In October of this year, I celebrate a very interesting 55-year anniversary … when I became a Thomas Edison groupie. I was 10 years old when a school project exposed me to the great inventor. My boyhood hero propelled me toward a career as an engineer/inventor. Today, in retirement, I am a docent at the legendary Thomas Edison National Historical Park [TENHP] in West Orange, NJ; and also serve as an advisor and author for the Edison Innovation Foundation.
I have read all the major books on Edison, so believe me when I tell you the new book Edison and the Rise of Innovation is a real keeper. Lenny Degraaf, an archivist at TENHP, and author of this new volume, does a wonderful job weaving together an interesting new perspective on the world’s greatest inventor … and the crisp photos are a real treat for the eye. As an added treat, the foreword to the book was penned by Bill Gates, himself an ardent Edison aficionado.

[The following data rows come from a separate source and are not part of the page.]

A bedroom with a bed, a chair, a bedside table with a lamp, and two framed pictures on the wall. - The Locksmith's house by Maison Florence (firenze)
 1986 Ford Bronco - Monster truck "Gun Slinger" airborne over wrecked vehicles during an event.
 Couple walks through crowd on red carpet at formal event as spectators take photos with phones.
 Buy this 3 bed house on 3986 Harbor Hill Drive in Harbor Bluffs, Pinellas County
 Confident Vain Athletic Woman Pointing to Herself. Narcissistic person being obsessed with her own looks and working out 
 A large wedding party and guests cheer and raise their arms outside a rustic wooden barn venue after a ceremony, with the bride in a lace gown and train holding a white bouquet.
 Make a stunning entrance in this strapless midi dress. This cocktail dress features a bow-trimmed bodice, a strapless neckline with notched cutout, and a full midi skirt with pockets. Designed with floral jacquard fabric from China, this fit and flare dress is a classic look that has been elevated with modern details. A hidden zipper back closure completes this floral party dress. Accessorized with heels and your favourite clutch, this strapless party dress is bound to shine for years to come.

The public recognizes Thomas Edison as one of history’s most influential inventors, but his work as an entrepreneur, manufacturer, and business manager are less appreciated. He did more than solve technical problems in the lab. From the 1870s to the late 1920s he created and managed dozens of companies to produce and market his inventions. To promote his innovations, Edison raised capital to support research and business operations, created manufacturing facilities, pursued patent and legal protection, and implemented marketing and advertising strategies. In this book, Mr. DeGraaf considers all of these activities, tracing the development of Edison’s inventions, and providing readers with a more complete, coherent and balanced narrative of the great inventor’s accomplishments–showing also how Edison’s approach to innovation changed with time.
Edison is important because he allows us to address broader questions about how inventors and business leaders approached innovation in the late 19th and early 20th centuries. He was part of a community of inventors who shifted innovation away from lone tinkers and mechanics to business managers, professionally-educated engineers and scientists working within formal research organizations and corporations…what would transform into the modern day, and ubiquitous, new product development project manager.
These mythic inventors of the late 1800s changed the invention landscape, allowing consumers to re-make the texture of innovation–making decisions about which inventions to adopt. Edison and his competitors and colleagues were influenced by the times: improved transportation and communication network; the rise of modern business corporations; national consumer markets; new advertising techniques; and, the increasing economic and social importance of cities. Mr. DeGraaf captures this in an intricate weave of the times, its concerns, and a public enamored for the first time with technological choice.
As you work your way through this lovely book, remember, Thomas Edison is a very hard act to follow—not just because of the large number of patents (1093), but the magnitude and significance of his work. Edison is responsible for our modern society. Life magazine in 1996 proclaimed him the Man of the Millennium. His 2010 cover feature on TIME magazine echoes this theme, and documents his continuing relevance to the world. Recently the Voice of America proclaimed that Edison’s accomplishments are the basis for one-fourth of the jobs on the planet.
Schools are once again studying Mr. Edison and his work, allowing students to have a much better grasp of technological innovation, and the socio-institutional forces that shape it. The great inventor is a prime argument for why our academic curricula should be more integrated. Recently the educational community has come to realize the importance of infusing the schools with a STEM-based education [Science, Technology, Engineering and Math], an integrated curriculum philosophy that encourages students to solve problems from a multi-dimensional, multi-disciplinary perspective. This is exactly the kind of analyses that Edison employed in his inventive and entrepreneurial pursuits at West Orange almost 125 years ago. Edison remains ever-relevant, and a role model for the legions of inventive minds that continue to be inspired by this most inventive man.
Enjoy this book and explore how Edison’s work so many years ago, continues to echo down through the decades, much to our continued benefit and inspiration.